Information provided:
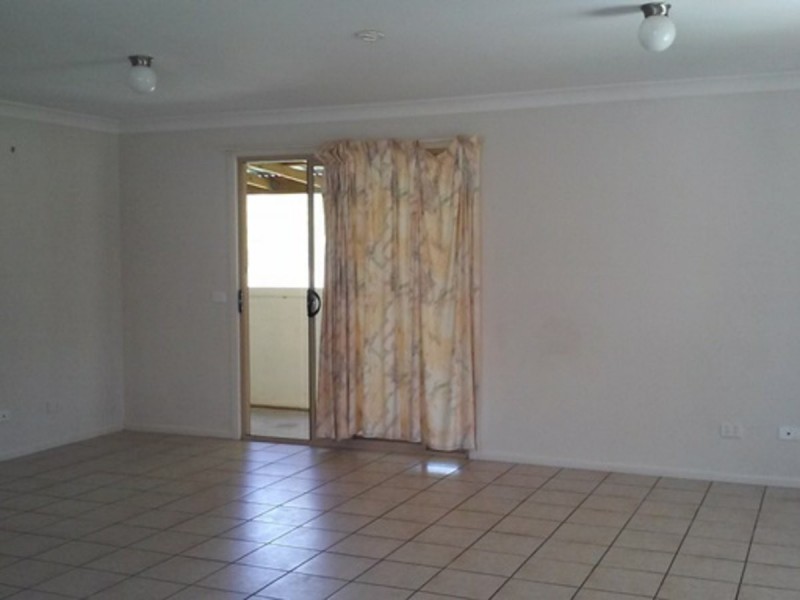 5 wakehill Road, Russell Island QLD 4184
==
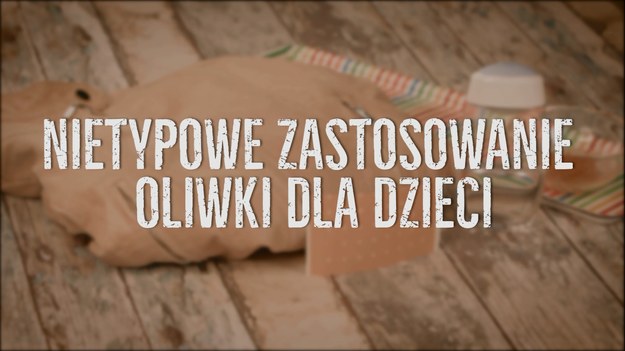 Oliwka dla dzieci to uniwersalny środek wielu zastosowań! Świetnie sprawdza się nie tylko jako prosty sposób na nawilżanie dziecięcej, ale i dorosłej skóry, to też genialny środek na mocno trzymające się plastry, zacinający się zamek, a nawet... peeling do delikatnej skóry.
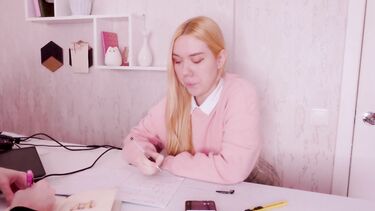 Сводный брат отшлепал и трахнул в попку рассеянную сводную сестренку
---
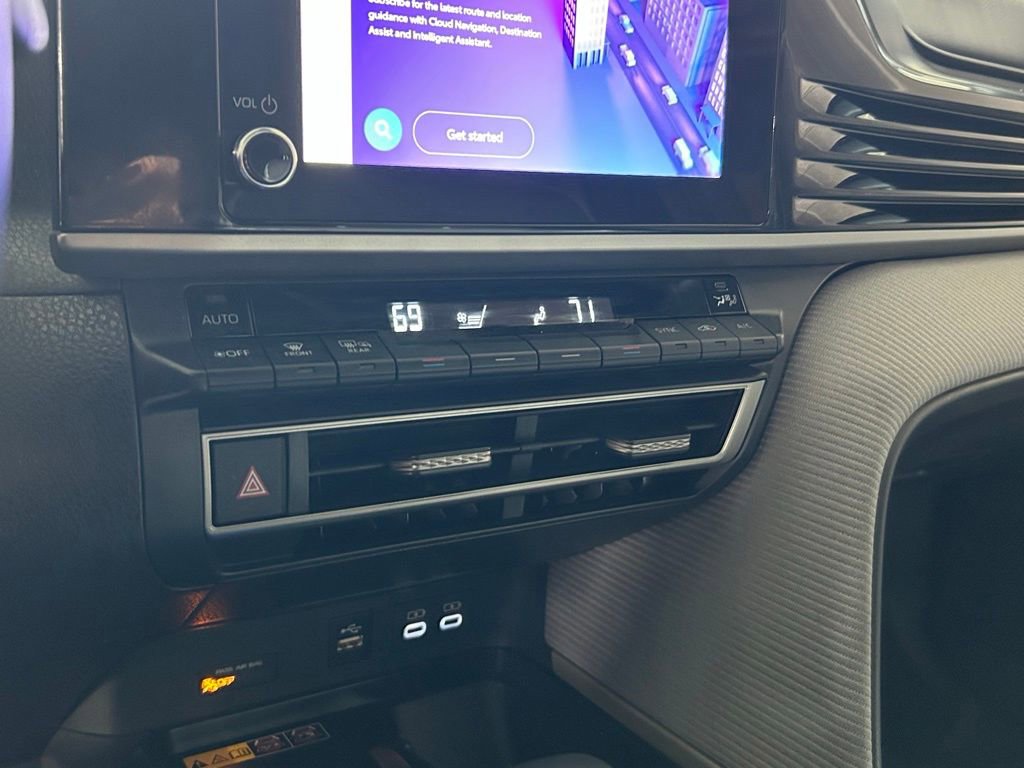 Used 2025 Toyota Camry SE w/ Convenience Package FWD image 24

Work order:
From the records above, write out exactly the lines that begin at the line with "Oliwka dla dzieci" and end at the line with "Сводный брат отшлепал". Pictures must not appear in the output.

Finished exercise:
 Oliwka dla dzieci to uniwersalny środek wielu zastosowań! Świetnie sprawdza się nie tylko jako prosty sposób na nawilżanie dziecięcej, ale i dorosłej skóry, to też genialny środek na mocno trzymające się plastry, zacinający się zamek, a nawet... peeling do delikatnej skóry.
 Сводный брат отшлепал и трахнул в попку рассеянную сводную сестренку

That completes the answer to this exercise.